This article is from the Australian Property Journal archive
THE Australian Securities and Investments Commission has won a landmark victory in the Federal Court against eight directors and former executives of Centro Properties Group.
Justice John Middleton set a new precedence in corporate governance in Australia when he found the former eight directors of breaching their duties as directors, when they misclassified $1.1 billion of short term debt. This caused a ripple effect which revealed that Centro had not disclosed a $US1.75 billion of debt and when the group’s share price plunged in 2007, Centro did not revealed that it had understated short term debt liabilities by about $3 billion, until 2008.
These directors were chairman Brian Healey; CEO Andrew Scott; non-executive director Samuel Kavourakis; non-executive director James William Hall; non-executive director Paul Cooper; non-executive director; non-executive director Peter Goldie; non-executive director Louis Wilkinson and CFO Romano Nenna.
In his 186 pages decision, Justice Middleton found the directors were “intelligent, experienced and conscientious” and that they relied on extensive advice and processes before approving erroneous financial statements in 2007.

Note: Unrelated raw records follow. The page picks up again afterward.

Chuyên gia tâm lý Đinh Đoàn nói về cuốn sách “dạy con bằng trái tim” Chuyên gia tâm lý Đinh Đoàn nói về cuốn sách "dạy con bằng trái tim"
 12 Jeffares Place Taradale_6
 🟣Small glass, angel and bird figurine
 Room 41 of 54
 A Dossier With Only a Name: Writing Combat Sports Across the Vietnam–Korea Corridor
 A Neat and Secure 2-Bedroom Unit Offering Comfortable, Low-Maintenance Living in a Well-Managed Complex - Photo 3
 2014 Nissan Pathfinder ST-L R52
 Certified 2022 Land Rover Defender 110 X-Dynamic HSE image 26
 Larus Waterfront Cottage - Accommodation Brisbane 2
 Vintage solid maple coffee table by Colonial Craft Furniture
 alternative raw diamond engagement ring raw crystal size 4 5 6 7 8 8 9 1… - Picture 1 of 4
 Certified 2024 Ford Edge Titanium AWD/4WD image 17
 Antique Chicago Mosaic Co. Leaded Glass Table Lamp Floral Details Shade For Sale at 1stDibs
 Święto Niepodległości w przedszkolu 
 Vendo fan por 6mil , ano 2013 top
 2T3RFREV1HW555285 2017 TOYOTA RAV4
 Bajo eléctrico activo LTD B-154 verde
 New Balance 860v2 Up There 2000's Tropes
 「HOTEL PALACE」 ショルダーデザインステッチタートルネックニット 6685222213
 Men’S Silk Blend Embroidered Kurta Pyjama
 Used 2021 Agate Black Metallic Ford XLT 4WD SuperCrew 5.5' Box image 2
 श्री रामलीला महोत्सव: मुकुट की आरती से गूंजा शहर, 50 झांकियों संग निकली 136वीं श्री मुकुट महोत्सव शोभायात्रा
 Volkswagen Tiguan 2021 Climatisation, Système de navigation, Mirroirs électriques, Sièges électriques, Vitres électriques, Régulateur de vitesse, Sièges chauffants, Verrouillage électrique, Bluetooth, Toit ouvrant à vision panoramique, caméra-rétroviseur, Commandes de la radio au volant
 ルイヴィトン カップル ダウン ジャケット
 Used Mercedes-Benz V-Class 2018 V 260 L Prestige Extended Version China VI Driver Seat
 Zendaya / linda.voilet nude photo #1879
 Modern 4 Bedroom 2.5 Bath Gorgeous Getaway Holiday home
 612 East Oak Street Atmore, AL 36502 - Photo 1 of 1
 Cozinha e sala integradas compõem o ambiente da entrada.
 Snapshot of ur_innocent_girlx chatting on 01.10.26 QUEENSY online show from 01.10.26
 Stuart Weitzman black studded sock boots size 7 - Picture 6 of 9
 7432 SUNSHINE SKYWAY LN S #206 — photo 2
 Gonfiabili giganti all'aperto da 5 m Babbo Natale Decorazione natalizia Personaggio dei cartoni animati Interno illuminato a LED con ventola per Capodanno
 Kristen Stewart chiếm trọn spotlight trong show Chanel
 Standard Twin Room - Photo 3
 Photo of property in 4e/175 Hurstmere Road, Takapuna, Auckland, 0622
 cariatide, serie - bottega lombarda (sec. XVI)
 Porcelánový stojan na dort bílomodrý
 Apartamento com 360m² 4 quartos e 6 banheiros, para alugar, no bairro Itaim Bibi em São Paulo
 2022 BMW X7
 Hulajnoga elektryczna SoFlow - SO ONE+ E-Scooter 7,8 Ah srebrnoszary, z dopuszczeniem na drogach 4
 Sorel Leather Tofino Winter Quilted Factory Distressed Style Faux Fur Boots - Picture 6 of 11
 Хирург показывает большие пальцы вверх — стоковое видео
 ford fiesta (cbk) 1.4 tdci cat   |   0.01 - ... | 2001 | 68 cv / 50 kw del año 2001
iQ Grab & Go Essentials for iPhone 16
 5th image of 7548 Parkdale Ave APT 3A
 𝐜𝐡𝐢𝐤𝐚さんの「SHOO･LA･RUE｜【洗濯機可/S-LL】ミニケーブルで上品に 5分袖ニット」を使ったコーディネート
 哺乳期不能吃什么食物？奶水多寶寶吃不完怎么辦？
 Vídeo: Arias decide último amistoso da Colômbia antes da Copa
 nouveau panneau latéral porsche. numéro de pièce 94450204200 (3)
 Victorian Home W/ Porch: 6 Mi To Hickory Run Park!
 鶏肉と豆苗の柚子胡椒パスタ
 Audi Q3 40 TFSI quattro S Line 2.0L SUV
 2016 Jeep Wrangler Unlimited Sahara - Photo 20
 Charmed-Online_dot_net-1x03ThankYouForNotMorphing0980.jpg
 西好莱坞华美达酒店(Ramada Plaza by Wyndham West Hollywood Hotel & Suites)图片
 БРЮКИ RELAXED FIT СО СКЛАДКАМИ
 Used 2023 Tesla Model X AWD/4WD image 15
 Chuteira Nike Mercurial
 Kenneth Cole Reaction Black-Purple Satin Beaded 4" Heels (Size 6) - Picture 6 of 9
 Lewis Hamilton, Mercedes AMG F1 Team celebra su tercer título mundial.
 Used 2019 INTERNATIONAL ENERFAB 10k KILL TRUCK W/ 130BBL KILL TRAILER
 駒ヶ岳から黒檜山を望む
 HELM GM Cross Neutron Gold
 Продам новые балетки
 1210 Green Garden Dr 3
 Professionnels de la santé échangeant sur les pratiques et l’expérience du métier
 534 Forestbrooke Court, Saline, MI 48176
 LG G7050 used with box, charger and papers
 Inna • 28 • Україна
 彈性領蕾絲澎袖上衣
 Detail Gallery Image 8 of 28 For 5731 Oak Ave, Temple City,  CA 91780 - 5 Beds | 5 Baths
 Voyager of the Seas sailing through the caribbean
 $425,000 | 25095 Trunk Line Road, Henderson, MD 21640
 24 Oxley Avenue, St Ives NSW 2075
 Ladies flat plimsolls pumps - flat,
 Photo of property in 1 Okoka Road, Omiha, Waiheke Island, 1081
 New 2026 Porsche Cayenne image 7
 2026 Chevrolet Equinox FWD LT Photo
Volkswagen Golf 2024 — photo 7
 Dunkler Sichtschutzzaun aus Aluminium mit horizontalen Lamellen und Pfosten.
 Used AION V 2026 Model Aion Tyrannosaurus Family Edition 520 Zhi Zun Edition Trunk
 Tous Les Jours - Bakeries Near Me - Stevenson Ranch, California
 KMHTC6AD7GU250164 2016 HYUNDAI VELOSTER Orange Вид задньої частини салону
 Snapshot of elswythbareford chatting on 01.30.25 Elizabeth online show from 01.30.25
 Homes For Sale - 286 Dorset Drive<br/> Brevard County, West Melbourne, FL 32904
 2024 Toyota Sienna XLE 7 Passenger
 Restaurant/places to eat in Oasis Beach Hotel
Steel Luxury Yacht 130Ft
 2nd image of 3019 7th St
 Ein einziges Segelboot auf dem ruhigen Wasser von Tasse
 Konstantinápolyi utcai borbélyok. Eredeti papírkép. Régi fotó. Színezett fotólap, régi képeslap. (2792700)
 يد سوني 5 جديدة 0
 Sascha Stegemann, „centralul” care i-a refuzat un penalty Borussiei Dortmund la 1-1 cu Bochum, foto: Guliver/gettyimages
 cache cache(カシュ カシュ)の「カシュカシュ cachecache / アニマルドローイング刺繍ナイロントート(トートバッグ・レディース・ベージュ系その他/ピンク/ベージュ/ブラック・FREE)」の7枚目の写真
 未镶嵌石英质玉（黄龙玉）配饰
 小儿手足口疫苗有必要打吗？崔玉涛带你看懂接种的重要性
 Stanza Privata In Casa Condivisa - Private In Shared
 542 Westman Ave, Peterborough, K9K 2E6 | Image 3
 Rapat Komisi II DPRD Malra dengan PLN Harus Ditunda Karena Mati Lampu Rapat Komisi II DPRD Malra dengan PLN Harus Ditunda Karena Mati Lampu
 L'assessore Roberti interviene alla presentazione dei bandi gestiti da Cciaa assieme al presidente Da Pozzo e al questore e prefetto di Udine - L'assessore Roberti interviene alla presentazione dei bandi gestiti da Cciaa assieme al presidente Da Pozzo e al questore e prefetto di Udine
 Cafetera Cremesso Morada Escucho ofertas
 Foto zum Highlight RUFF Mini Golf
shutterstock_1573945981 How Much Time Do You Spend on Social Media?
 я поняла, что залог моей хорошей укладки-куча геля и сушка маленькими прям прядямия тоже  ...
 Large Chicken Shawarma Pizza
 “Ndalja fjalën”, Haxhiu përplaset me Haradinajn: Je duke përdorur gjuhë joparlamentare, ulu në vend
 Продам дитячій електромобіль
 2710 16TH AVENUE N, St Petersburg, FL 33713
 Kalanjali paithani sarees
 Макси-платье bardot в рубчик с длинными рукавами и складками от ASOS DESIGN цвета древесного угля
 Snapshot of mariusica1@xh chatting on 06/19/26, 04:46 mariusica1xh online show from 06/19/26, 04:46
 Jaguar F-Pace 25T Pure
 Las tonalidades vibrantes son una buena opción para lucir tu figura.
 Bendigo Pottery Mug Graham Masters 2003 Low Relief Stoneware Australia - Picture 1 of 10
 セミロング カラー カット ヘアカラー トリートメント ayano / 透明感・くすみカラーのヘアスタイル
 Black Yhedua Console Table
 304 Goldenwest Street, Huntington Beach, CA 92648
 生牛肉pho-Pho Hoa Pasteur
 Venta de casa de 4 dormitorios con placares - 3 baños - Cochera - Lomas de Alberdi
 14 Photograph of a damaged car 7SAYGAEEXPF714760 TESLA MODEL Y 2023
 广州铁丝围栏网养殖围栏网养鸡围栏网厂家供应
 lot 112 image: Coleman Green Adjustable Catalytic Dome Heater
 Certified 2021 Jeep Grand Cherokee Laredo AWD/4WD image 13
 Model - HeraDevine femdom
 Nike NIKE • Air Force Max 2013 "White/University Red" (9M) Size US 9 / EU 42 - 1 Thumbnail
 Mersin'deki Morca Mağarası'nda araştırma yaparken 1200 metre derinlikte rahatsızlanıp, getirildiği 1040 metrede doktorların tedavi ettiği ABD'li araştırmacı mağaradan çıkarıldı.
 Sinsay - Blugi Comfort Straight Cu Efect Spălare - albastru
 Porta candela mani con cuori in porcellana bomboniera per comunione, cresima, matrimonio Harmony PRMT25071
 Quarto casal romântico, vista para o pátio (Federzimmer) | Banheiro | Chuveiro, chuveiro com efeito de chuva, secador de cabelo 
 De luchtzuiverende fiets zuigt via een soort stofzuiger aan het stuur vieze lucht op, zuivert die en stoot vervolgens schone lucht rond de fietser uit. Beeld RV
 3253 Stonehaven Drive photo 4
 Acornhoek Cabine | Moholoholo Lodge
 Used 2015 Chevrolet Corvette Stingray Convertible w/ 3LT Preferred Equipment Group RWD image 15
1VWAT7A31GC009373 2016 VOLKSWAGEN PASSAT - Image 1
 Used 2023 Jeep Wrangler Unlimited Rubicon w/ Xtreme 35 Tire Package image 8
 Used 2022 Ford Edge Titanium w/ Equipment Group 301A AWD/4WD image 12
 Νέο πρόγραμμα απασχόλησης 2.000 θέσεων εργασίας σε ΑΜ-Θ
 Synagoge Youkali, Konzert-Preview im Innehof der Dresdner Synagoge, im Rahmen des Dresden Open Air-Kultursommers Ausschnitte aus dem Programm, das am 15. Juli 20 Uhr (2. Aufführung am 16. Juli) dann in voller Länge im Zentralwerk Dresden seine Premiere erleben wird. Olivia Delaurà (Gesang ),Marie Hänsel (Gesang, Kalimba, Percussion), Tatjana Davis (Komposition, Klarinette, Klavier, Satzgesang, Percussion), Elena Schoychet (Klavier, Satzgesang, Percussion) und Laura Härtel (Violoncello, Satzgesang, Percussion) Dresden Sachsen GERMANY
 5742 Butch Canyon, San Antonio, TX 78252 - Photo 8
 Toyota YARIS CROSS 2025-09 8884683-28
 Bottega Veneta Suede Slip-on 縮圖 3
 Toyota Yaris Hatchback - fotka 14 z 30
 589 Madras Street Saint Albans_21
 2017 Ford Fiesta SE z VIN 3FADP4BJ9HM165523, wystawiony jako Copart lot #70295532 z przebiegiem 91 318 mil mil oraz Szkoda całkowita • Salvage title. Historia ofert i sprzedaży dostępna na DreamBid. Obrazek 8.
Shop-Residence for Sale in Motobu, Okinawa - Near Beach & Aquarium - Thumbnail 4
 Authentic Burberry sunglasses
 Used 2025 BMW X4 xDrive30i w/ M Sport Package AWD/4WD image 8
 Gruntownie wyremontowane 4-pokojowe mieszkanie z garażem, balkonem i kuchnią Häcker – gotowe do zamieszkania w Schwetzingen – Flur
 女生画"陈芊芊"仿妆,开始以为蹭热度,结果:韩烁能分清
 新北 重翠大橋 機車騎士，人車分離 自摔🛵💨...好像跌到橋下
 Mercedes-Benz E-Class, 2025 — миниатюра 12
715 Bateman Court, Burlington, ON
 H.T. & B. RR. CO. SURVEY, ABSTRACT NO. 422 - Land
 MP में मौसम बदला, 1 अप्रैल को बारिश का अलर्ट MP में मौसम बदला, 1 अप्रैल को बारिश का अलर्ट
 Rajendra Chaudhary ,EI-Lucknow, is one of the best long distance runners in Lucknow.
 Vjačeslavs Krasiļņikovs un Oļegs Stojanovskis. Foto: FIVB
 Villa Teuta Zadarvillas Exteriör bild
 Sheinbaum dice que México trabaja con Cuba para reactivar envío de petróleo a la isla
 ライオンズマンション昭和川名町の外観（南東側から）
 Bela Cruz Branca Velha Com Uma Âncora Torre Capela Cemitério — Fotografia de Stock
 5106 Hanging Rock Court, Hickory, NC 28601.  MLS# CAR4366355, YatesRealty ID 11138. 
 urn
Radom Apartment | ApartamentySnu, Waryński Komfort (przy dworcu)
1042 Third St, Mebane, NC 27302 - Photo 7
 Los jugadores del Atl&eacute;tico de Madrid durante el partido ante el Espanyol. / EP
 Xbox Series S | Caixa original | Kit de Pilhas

Although he added that “there is no suggestion that the directors were dishonest”.
But the judge found the directors had breached their duties and said it was not about a mere technical oversight.
“The significant matters not disclosed [the short-term debt and post-balance date guarantees entered into by Centro] were well known to the directors, or if not well known to them, were matters that should have been well known to them,” he said.
Centro had argued that ASIC’s corporate governance case was an unrealistic expectation on directors’ duties and would put too much burden on them, but the judge disagreed.
“If they had understood and applied their minds to the financial statements and recognised the importance of their task, each director would have questioned each of the matters not disclosed. Each director, in reviewing financial statements, needed to enquire further into the matters revealed by those statements.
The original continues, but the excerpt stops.